▸ **INSTRUCTIONS TO FOLLOW**
Output the data below exactly as it is, dropping the pictures from your copy.

====== DATA BLOCK ======

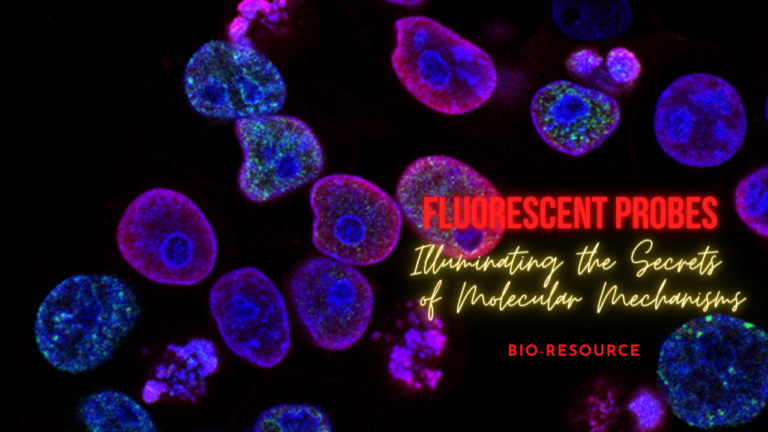 Fluorescent Probes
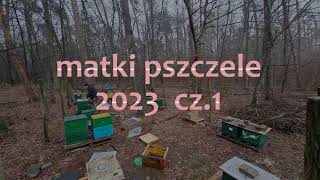 Matki pszczele Buckfast 2023  pawluknetpl cz1 [upl. by Eidnalem]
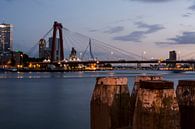 Willemsbrug Rotterdam in de avond van Rouzbeh Tahmassian thumbnail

======

▸ **ANSWER TO THE PROBLEM**
 Fluorescent Probes
 Matki pszczele Buckfast 2023  pawluknetpl cz1 [upl. by Eidnalem]
 Willemsbrug Rotterdam in de avond van Rouzbeh Tahmassian thumbnail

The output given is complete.